__Task objective__
Output each record below exactly. No images go in the copy.

=== Begin Enclosure ===

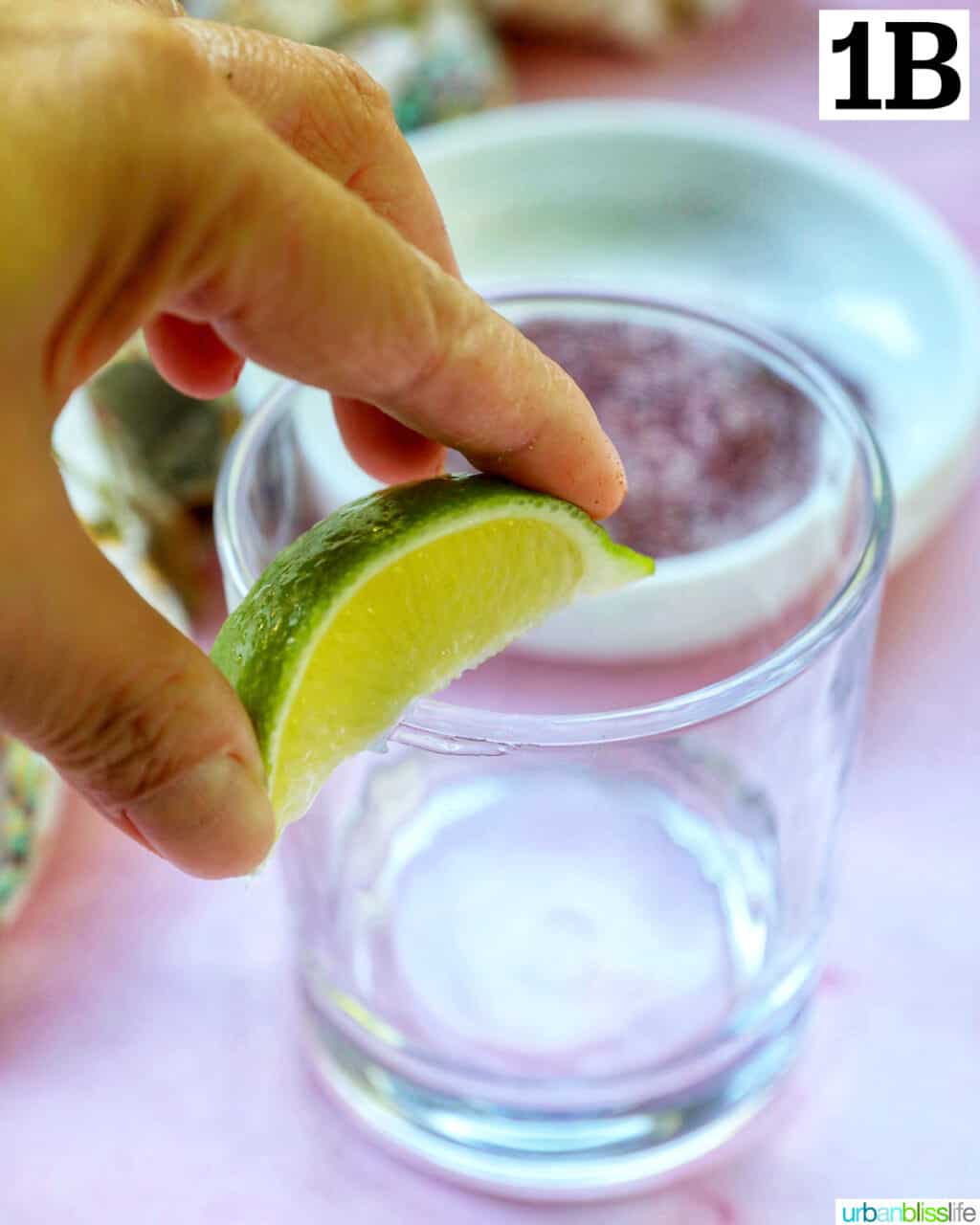 hand running a lime wedge around the rim of a glass for margaritas.
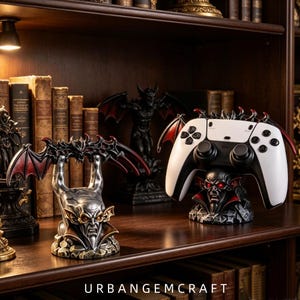 May include: A gothic-style controller stand featuring a sculpted vampire head with glowing red eyes and bat wings, designed to hold a white and black gaming controller. The base is textured like stone, and the text URBANGEMCRAFT is visible below.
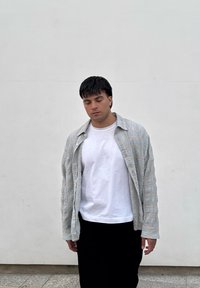 Jachetă matlasată de culoare albastru deschis, purtată peste un tricou alb, asociată cu pantaloni negri. Jacheta are un model texturat și o croială lejeră.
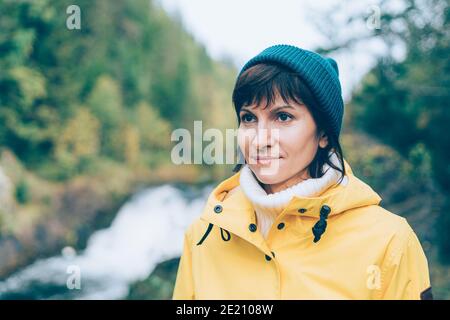 Uno con la natura. Vista posteriore di una donna irriconoscibile che guarda alla foresta e alla cascata Foto Stock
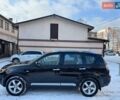 Черный Мицубиси Аутлендер ХЛ, объемом двигателя 2.36 л и пробегом 170 тыс. км за 10500 $, фото 1 на Automoto.ua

=== End Enclosure ===

__Finished task__
 hand running a lime wedge around the rim of a glass for margaritas.
 May include: A gothic-style controller stand featuring a sculpted vampire head with glowing red eyes and bat wings, designed to hold a white and black gaming controller. The base is textured like stone, and the text URBANGEMCRAFT is visible below.
 Jachetă matlasată de culoare albastru deschis, purtată peste un tricou alb, asociată cu pantaloni negri. Jacheta are un model texturat și o croială lejeră.
 Uno con la natura. Vista posteriore di una donna irriconoscibile che guarda alla foresta e alla cascata Foto Stock
 Черный Мицубиси Аутлендер ХЛ, объемом двигателя 2.36 л и пробегом 170 тыс. км за 10500 $, фото 1 на Automoto.ua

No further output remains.